Data under study:
------------------------
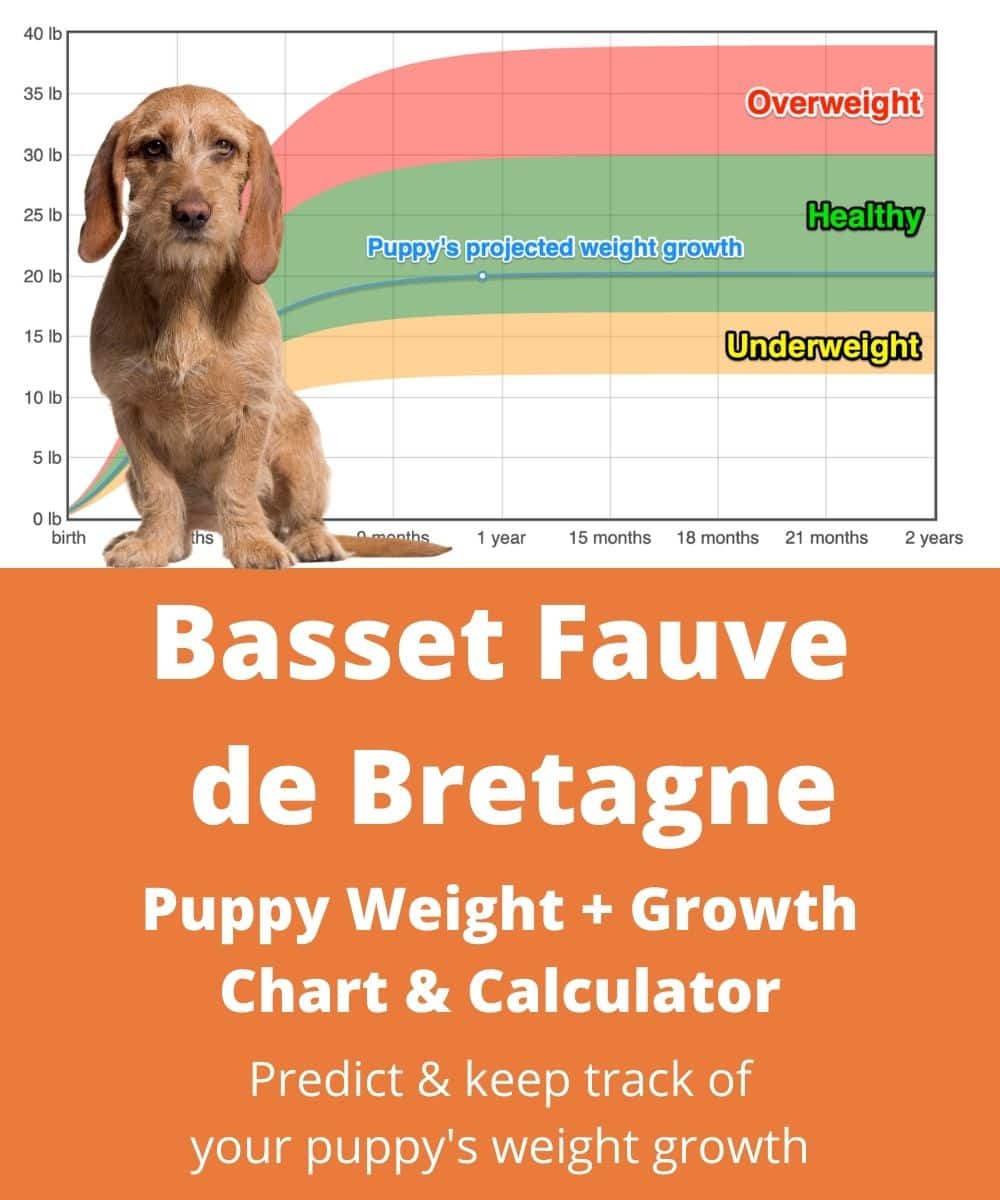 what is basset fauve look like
------------------------
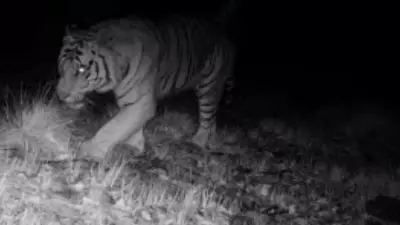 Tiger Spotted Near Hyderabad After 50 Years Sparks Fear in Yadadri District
------------------------
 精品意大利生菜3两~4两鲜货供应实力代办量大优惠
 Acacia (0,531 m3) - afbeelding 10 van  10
------------------------
Exercise goal:
Please give back exactly the lines of the listing above that run from the one containing "精品意大利生菜3两~4两鲜货供应实力代办量大优惠" through the one containing "Acacia (0,531 m3)", and only those.

Response:
 精品意大利生菜3两~4两鲜货供应实力代办量大优惠
 Acacia (0,531 m3) - afbeelding 10 van  10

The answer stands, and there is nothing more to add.